鉄筋コンクリート造の解体費用は、「坪単価」に「延べ床面積」を掛けて計算すると大まかな金額を把握できます。たとえば、坪単価5万円、延べ床面積100坪の場合、「5万円 × 100坪 = 500万円」が解体費用の目安となります。
本記事では、鉄筋コンクリート造の解体費用の相場・内訳と、解体工事の流れ・工法などを解説します。解体費用を安く抑えたいと考える方は、ぜひご参考ください。
▼解体費用の基礎知識について知りたい方はこちらの記事をご確認ください。
3階建て鉄筋コンクリート造の解体費用の相場
3階建て鉄筋コンクリート造の解体費用は、「坪単価」に「延べ床面積」を掛けて計算すると大まかな目安を把握できます。

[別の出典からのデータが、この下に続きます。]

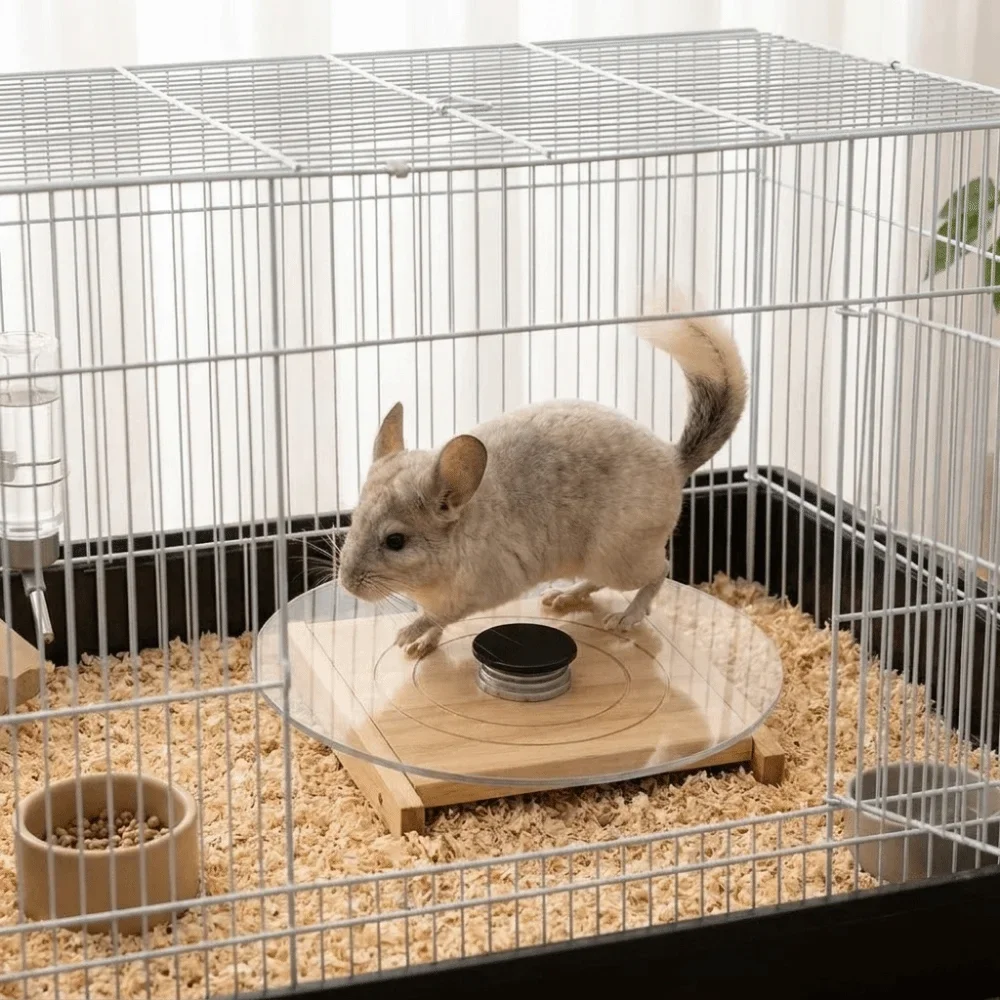 Glass Hamster Running Wheel Silent Long-Lasting Chinchilla Running Plate Stable with Wood Base Hamster Exercise Wheel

たとえば、坪単価5万円、延べ床面積100坪の場合、「5万円 × 100坪 = 500万円」が解体費用の目安となります。
なお、鉄筋コンクリート造の解体費用の坪単価は、3.5万円〜8万円が相場です。ただし、地域や立地条件によって金額は左右されるため、あくまでも目安と考えましょう。
最終的な解体費用は、解体業者に現地調査を依頼して、詳細な見積もりを取得した上で確認すると安心です。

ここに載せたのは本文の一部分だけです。